William Shakespeare (1564 – 1616) English poet and playwright. Famous plays include Macbeth, Romeo and Juliet, Merchant of Venice and Hamlet. Shakespeare is widely considered the seminal writer of the English language.
Jonathan Swift (1667 – 1745) Anglo-Irish writer born in Dublin. Swift was a prominent satirist, essayist and author. Notable works include Gulliver’s Travels (1726), A Modest Proposal and A Tale of a Tub.
Samuel Johnson (1709 – 1784) Britishauthor best known for his compilation of the English dictionary. Although not the first attempt at a dictionary, it was widely considered to be the most comprehensive – setting the standard for later dictionaries.
Johann Wolfgang von Goethe (1749 – 1832) German poet, playwright, and author.
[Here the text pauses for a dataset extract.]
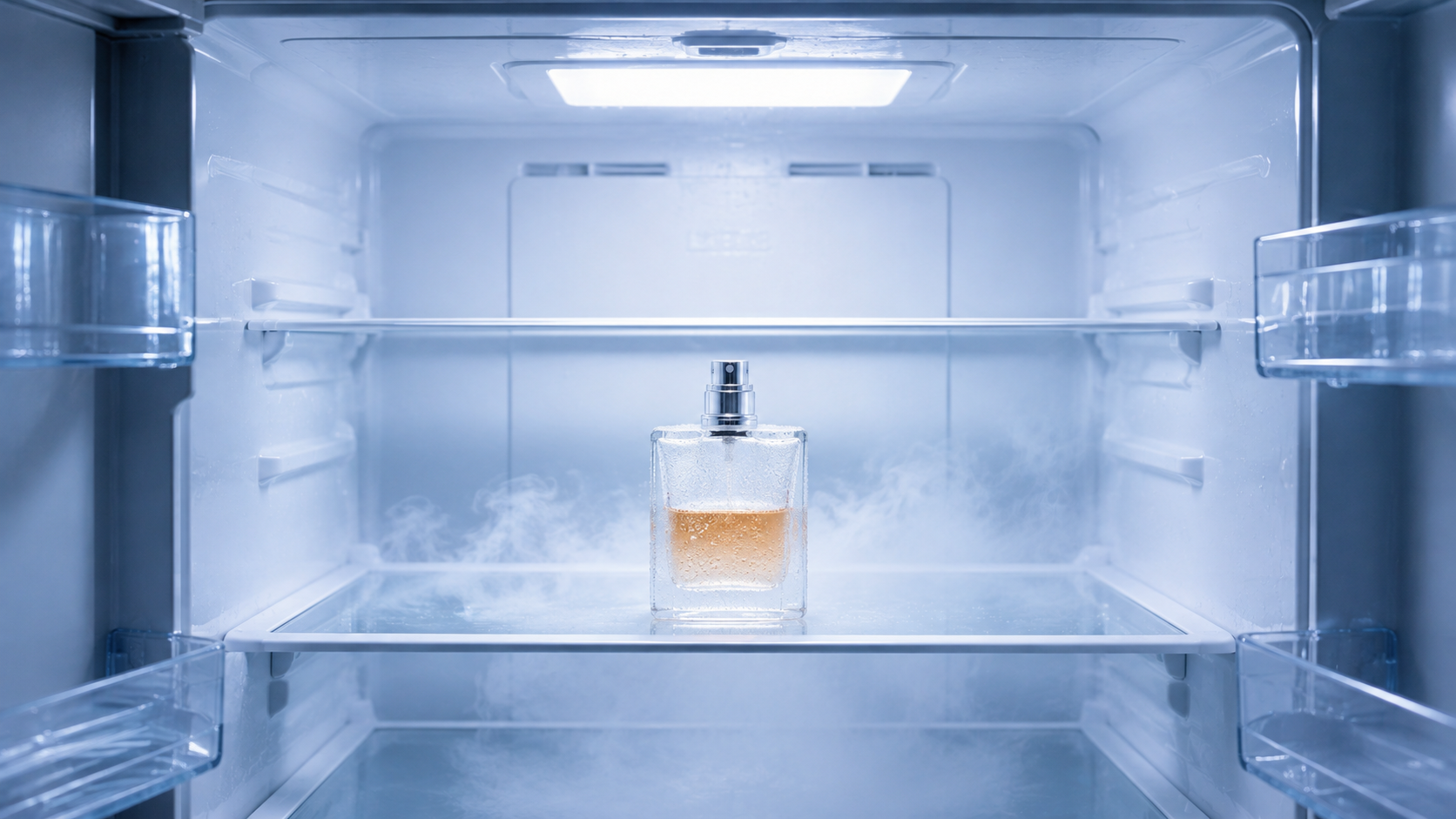 How to Store Your Perfume Properly (And Why It Matters More at 30% Concentration)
Notable works of Goethe include: Faust, Wilhelm Meister’s Apprenticeship and Elective Affinities.
Jane Austen (1775 – 1817) English author who wrote romantic fiction combined with social realism. Her novels include: Sense and Sensibility (1811), Pride and Prejudice (1813) and Emma (1816).
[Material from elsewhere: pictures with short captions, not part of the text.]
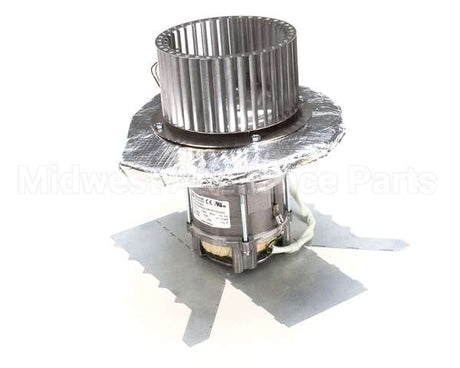 PSJ189 Merrychef E2 Convec Mtr&Duct Kit Combine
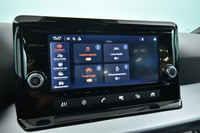 SEAT Ibiza vaihtoauto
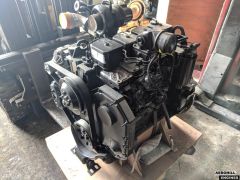 Cummins 4BTA3.9 Engine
Honore de Balzac (1799 – 1850) French novelist and short story writer. Balzac was an influential realist writer who created characters of moral ambiguity – often based on his own real life examples. His greatest work was the collection of short stories La Comédie humaine.
Alexandre Dumas (1802 – 1870) French author of historical dramas, including – The Count of Monte Cristo (1844), and The Three Musketeers (1844). Also prolific author of magazine articles, pamphlets and travel books.
Victor Hugo (1802 – 1885) French author and poet. Hugo’s novels include Les Misérables, (1862) and Notre-Dame de Paris (1831).
Charles Dickens (1812 – 1870) – English writer and social critic. His best-known works include novels such as Oliver Twist, David Copperfield and A Christmas Carol.
Charlotte Bronte (1816 – 1855) English novelist and poet, from Haworth. Her best known novel is ‘Jane Eyre’ (1847).
Henry David Thoreau (1817 – 1862) – American poet, writer and leading member of the Transcendentalist movement. Thoreau’s “Walden” (1854) was a unique account of living close to nature.
Emily Bronte (1818 – 1848) English novelist. Emily Bronte is best known for her novel Wuthering Heights (1847), and her poetry.
George Eliot (1819 – 1880) Pen name of Mary Ann Evans. Wrote novels, The Mill on the Floss (1860), Silas Marner (1861), Middlemarch (1871–72), and Daniel Deronda (1876)
Leo Tolstoy (1828 – 1910) Russian novelist and moral philosopher. Famous works include the epic novels – War and Peace (1869) and Anna Karenina (1877). Tolstoy also became an influential philosopher with his brand of Christian pacificism.
Fyodor Dostoevsky (1821-1881) Russian novelist, journalist and philosopher. Notable works include Notes from Underground, Crime and Punishment and The Idiot
Lewis Carroll (1832-1898) Oxford mathematician and author. Famous for Alice in Wonderland, Through the Looking Glass, and poems like The Snark.
Mark Twain (1835 – 1910) American writer and humorist, considered the ‘father of American literature’. Famous works include The Adventures of Tom Sawyer (1876) and Adventures of Huckleberry Finn (1885).
Thomas Hardy (1840-1928) English novelist and poet. Hardy was a Victorian realist who was influenced by Romanticism. He wrote about problems of Victorian society – in particular, declining rural life. Notable works include: Far from the Madding Crowd (1874), Tess of the d’Urbervilles (1891), andJude the Obscure (1895).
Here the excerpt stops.